Oyunlar E-Ticaret Pazarını Nasıl Değiştirdi?

Oyun bir zamanlar çocuklara hitap ediyordu. Şimdiyse tüm E-Ticaret sektöründe devrimler yaratan değişikliklere neden oldu.

Oyun firmaları bir zamanlar ev eğlense sistemleri ve 30 yaş altı kitleyi hedefleyen işler üzerine odaklanıyordu. 70’li yıllardan itibaren başlayan bu akım son 10 yıl içerisinde kimsenin tahmin edemeyeceği bir büyüklüğe ulaştı. Sektörün dev isimleri 20 milyar doların üzerinde net gelirle 2018 yılını kapattılar. Nintendo 20 milyar dolar net kazanç, EA 22 milyar dolar net kazanç, World of Warcraft’ın firması Activision Blizzard ise 29 milyar dolar net kazanç ile yıla damgasını vurdu.

Bu listede Microsoft ve Apple da bulunuyor. Teknolojinin devleri yıllar önce oyun pazarındaki büyümeyi fark edip bu konuda yatırımlar yapmışlardı. Kartuşu 10 ile 60 dolar arasında değişen oyun kartuşları ve ortalama 150 ile 300 dolar arasında değişen konsolların satışından bu dev imparatorluklara nasıl ulaşıldı? Çoğu insana göre artık oyunların 7. sanat ilan edilmesi ve büyüklere de hitap etmesi bir sebep olarak gösteriliyor.

Gerçek neden ise E-Ticaret’te oyun firmalarının yeni formüller geliştirip söz sahibi olması. Mutlaka microtransaction terimini duymuşsunuzdur. Türkçesi tam olarak olmayan bu terim için oyunların içindeki sanal para birimleriyle özellik, kıyafet ya da avantaj satın almak diyebiliriz.

Uzun bir terim gibi gözükse de aslında bir çok oyunda bu özelliği görüyoruz.

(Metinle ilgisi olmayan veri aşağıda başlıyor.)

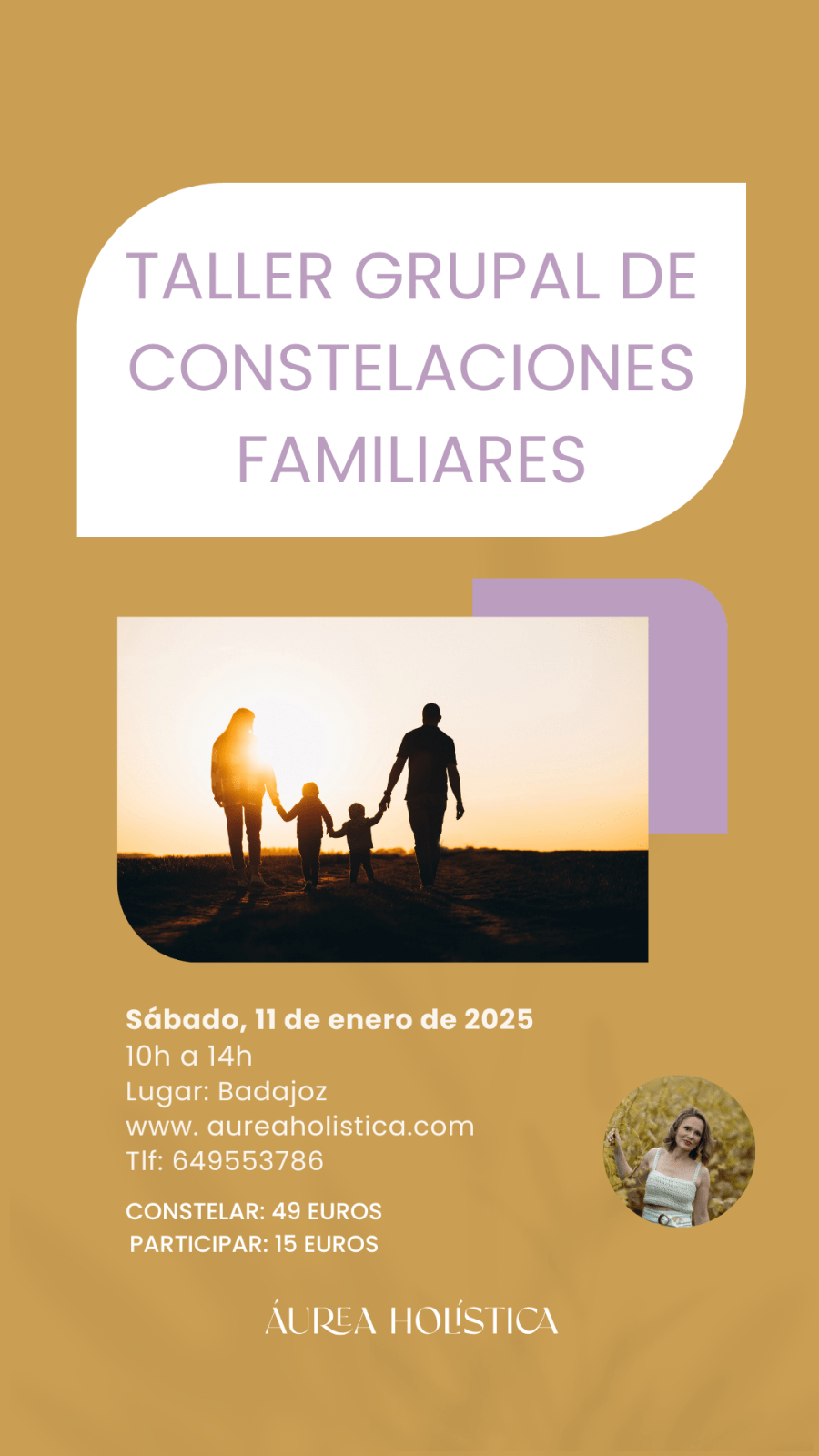 TALLER GRUPAL DE CONSTELACIONES FAMILIARES BADAJOZ | 11 enero 2025 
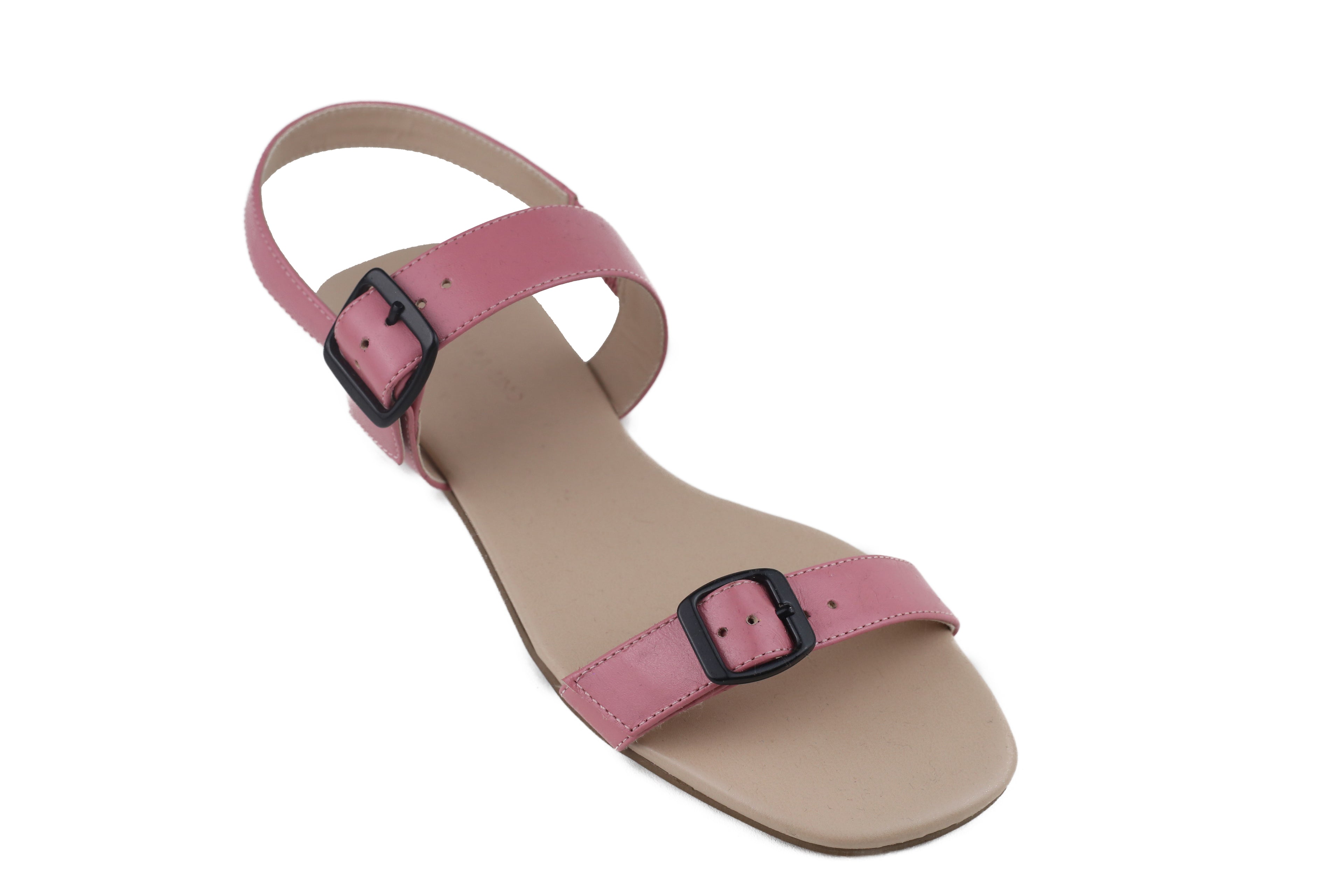 Rasteira Luíza Salto Baixo Rosa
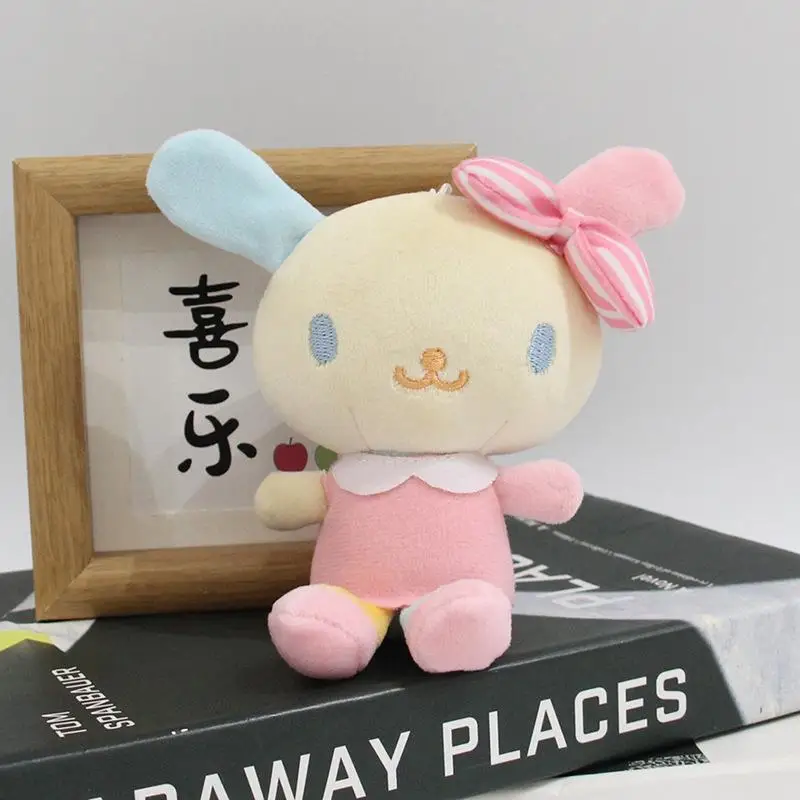 Pluszaki Sanrio Usahana, brzydko-słodkie torby dla dziewczynek, breloczki, zawieszki do plecaków szkolnych dla dzieci, ozdoby na zamek błyskawiczny, zabawki hurtowo
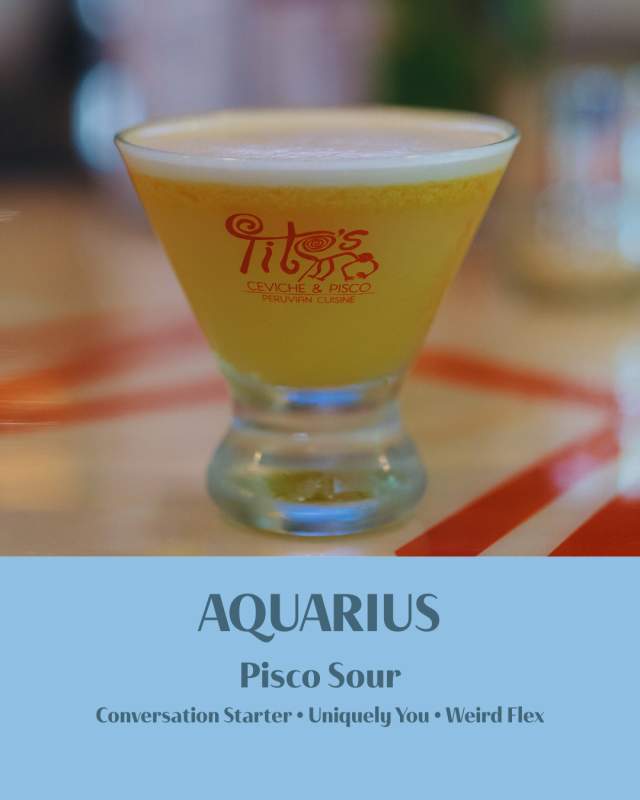 New Orleans Cocktail Astrology: Aquarius - Pisco Sour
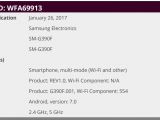 Samsung SM-G390F Wi-Fi certification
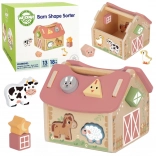 Woopie Green Holz-Bauernhof-Formen- und Farbsorter, 13 Teile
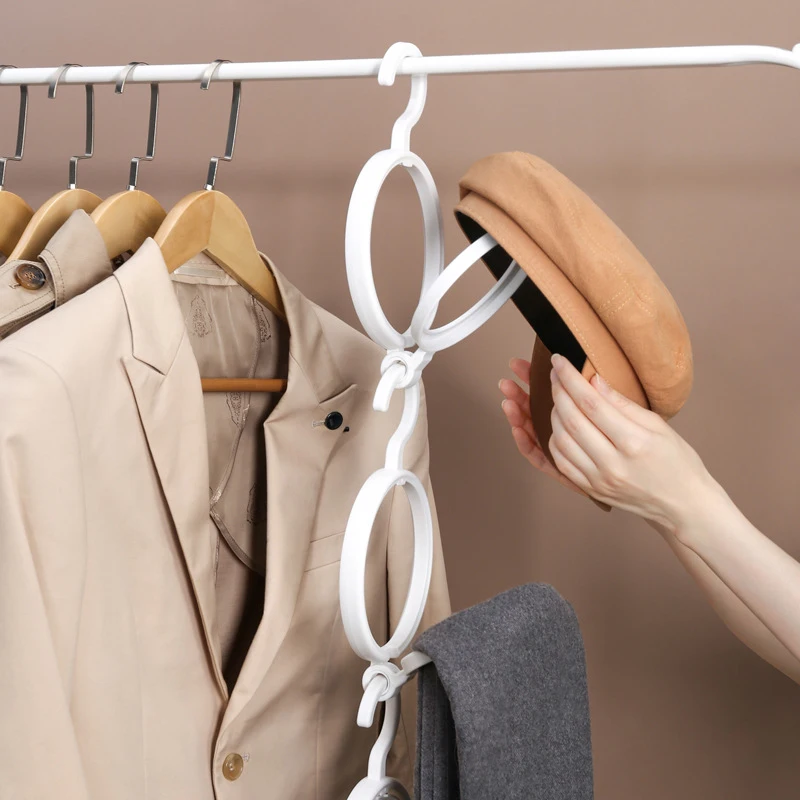 1 шт. шкаф экономия пространства Многофункциональная вешалка крючок для пальто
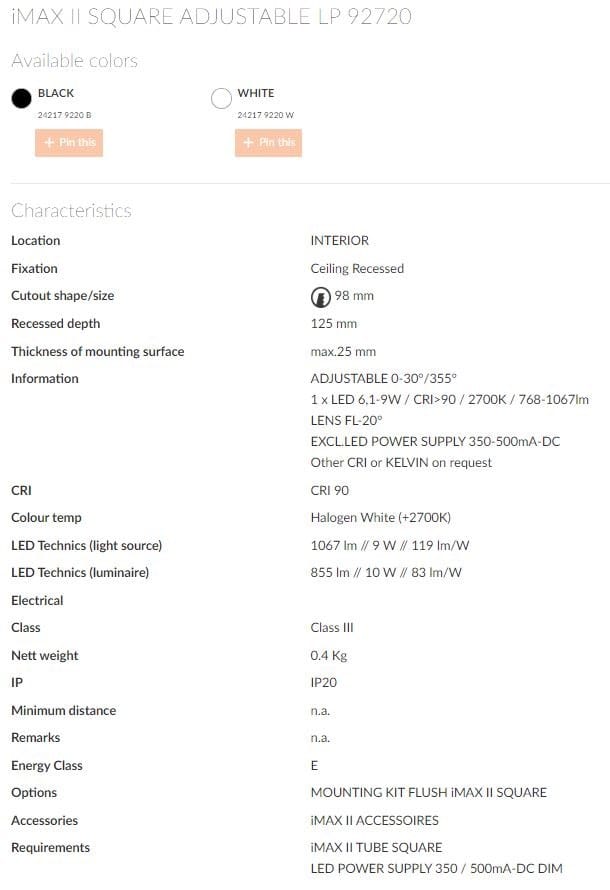 Квадратный светодиодный светильник Deltalight iMAX ARCH-00040447 - Вид №11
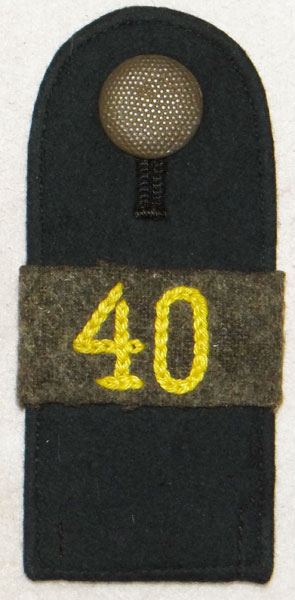 Army 40th (mot) Signal Troops G.H.Q. Troops Enlisted Shoulder Board Army 40th (mot) Signal Troops G.H.Q. Troops Enlisted Shoulder Board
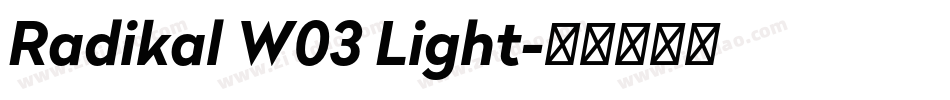 Radikal W03 Light字体转换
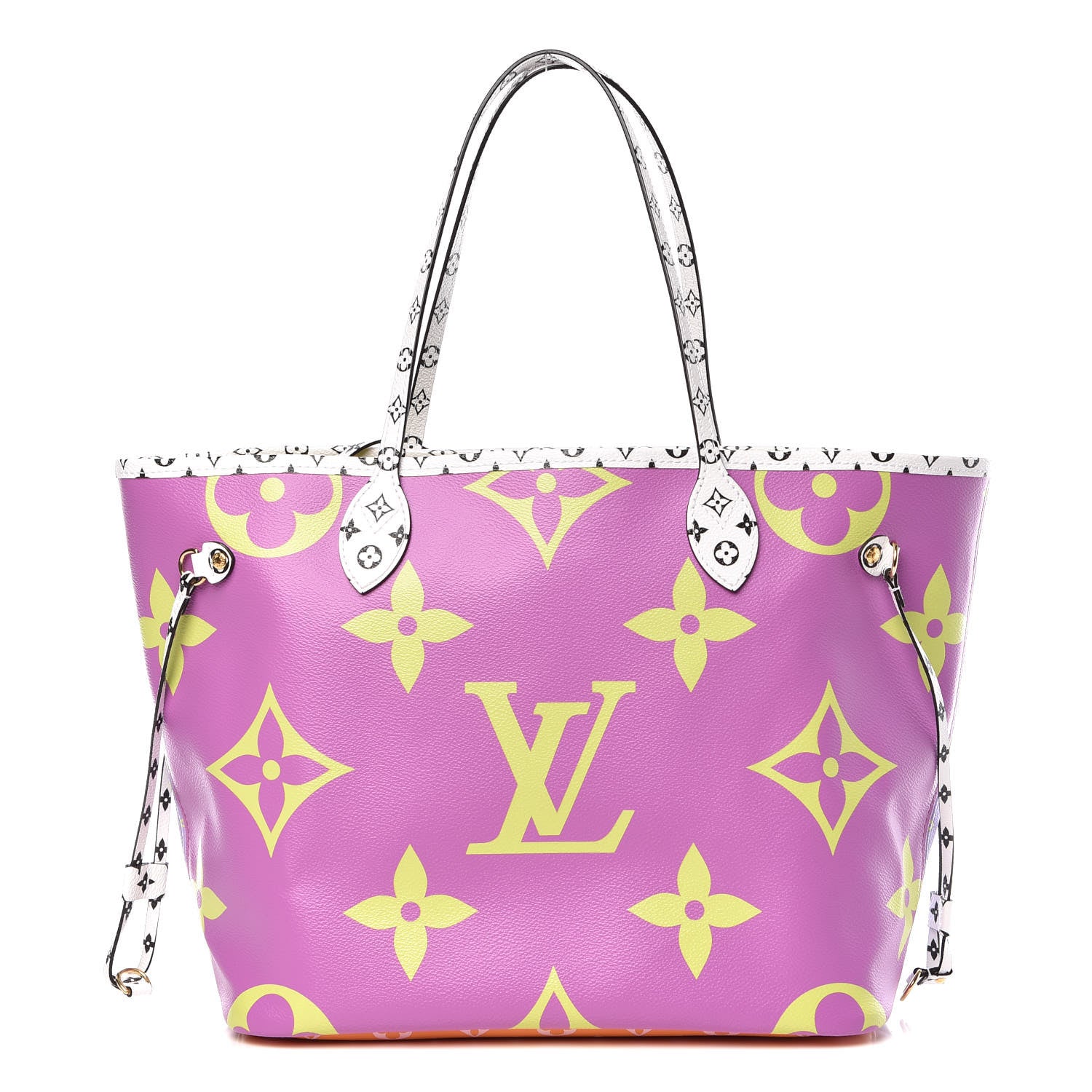 Louis Vuitton Monogram Giant Neverfull MM Pink Lilac 3 of 12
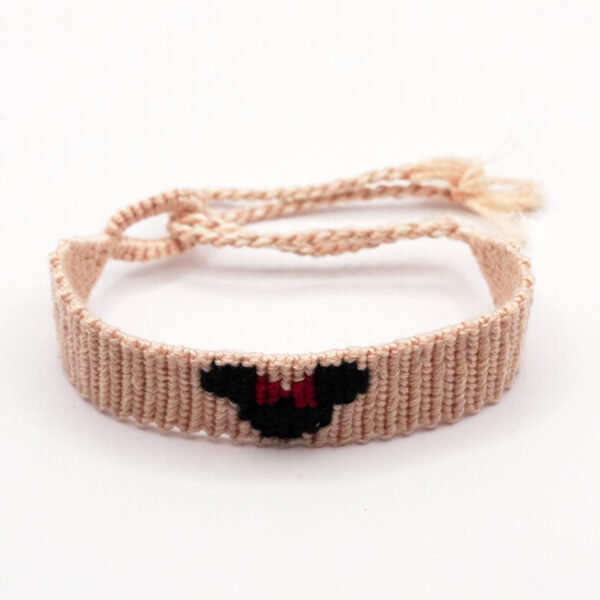 دستبند بافتنی طرح میکی موس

Peki oyunlar E-Ticareti nasıl değiştirdi?

Akıllı Telefonlardan Dünyaya

Cep telefonları ve oyunculuk ilk başlarda beklenen uyuşmayı yakalayamadı. Piyasada Nintendo ve Sony’in el konsolları varken, kimse telefonun ufak ekranında oyun oynamak istemiyordu. Akıllı telefonların yaygınlaşmasıyla birlikte, grafik ve oynanış olarak etkileyici oyunlar da stüdyolar tarafından piyasaya sürüldü. İnsanlar telefonda oynayacakları bir oyun için ülkemizdeki fiyatlarla 20 – 60 lira arası bir rakam vermedikleri için, bu pazar gereken büyümeyi bir türlü yakalayamadı.

CandyCrash, Farmville ve türevi tarzı bağımlılık odaklı basit oyunların, Facebook üzerindeki yükselişleriyle birlikte yeni bir sektörün de adımları atılmaya başlandı. Bu iki oyunun milyonları aşan sadık kullanıcı sayılarından etkilenen diğer firmalar neredeyse her ay benzer türde, oynaması basit ama bağımlılık yaratacak yapımları duyurmaya başladı.

Bir süre sonra Clash of Clans’ın başını çektiği başarılı bir yöntemin adını duyduk. Microtransaction adlı bu pazarlama tarzında, oyuncular bedava bir içerikle ürüne çekiliyordu. Özellikle rekabet gerektiren oyunlarda, günlerini ve saatlerini sabırla harcayan oyuncular, bir yerden sonra kendilerinden güçsüz rakipler tarafından yeniliyor ya da kısır döngünün içinde kalıp artık oyunda ilerlemeyecek hale geliyordu.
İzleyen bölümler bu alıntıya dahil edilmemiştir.